Specifically, the 2007 edition of the legendary Berlin festival (by the way, I’ll have to find a week to dissect that colossal FMP box sooner than later). Independently from the quote of a flattering review on the cover, which compares – effortlessly, and somewhat inappropriately – Shibolet with Evan Parker, the 39-year old central character is the carrier of a strong identity of his own. He might be turning wheels and spitting fire in certain cruelly strenuous circulations as to recall the English master, but then the resolution of those whirlwinds is repeatedly found in single notes that slide, glide and squeal with nearly painful effects for our ears, in an almost desperate need of telling us “this is me”. When the focus is shifted on the multiphonic side of things, a raw-boned musicality – corroborated by the use of voice “inside” the instrument and the customary damp lingual tricks – tries to overcome the brute strength of wavering power tones in the lower registers. Substantial stuff throughout, also appreciable by members of the Bertrand Denzler/Stéphane Rives guild. 

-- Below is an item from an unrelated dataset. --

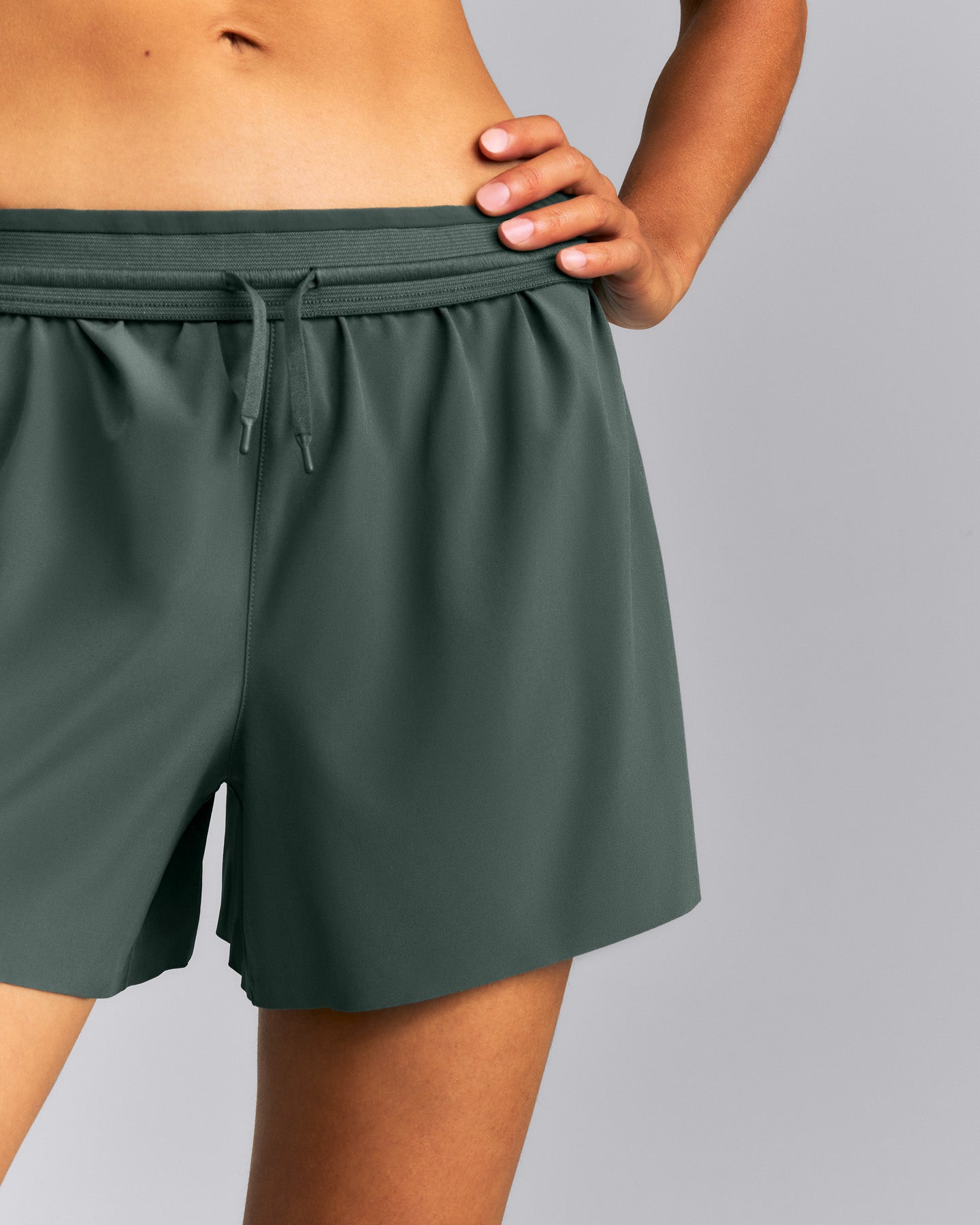 AirMove™ Lined Pocket Shorts 4" | Shadow Green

ARIEL SHIBOLET / NORI JACOBY – Scenes From An Ideal Marriage 

Soprano sax and viola, recorded live at Tel Aviv’s Hateiva in 2010. Shibolet and Jacoby do not even attempt to chip away at the common practices of current improvisation, letting most elements of a recent vocabulary enter the picture at various times. The pairing of instrumental voices works reasonably fine, starting with wet insufflations, intense breathing and lyrically rasping aspects of timbral parallelism to arrive at moments in which the pitches are so strained and yet so expressive that they give an idea of stirring exigency and severe mourning at once. The resultant music is for the large part quite gripping, never impecunious as far as emotions are concerned, always revealing a humanity that keeps listeners willing to identify with the thickest facets rather than jostling them aside. The balance of percussive nuances and sloping semi-tonal figurations replete with strange upper partials warrants serious enthralment during a variety of situations.

ARIEL SHIBOLET / HAGGAI FERSHTMAN – Happiness For Things Unseen 

A series of mainly garrulous exchanges between parties who come from dissimilar backgrounds (drummer Fershtman militates in a number of rock bands, we’re told). As distant from “quiet” conversation as one can be: either in “bubbling chatter vs. abrasive metal” fashion, or in combinations of different kinds of loquacious wrath (think a punk version of Paul Dunmall fighting a rolling-and-tumbling imprudent nonconformist), the appearance of what’s produced is likely to invigorate and/or rub up the wrong way, depending on the receiving subject. The “animal” characteristics are more evident in concert snippets such as “Live At Levontin 7” and in the conclusive poker of bonus tracks (all called “Movement”) which also restate that this is not gratuitous blasting. When they decide to show that trait, both artists are in fact reasonable reciprocal listeners, able to mix ironic matter-of-factness and vehement density without spraining their creative muscles.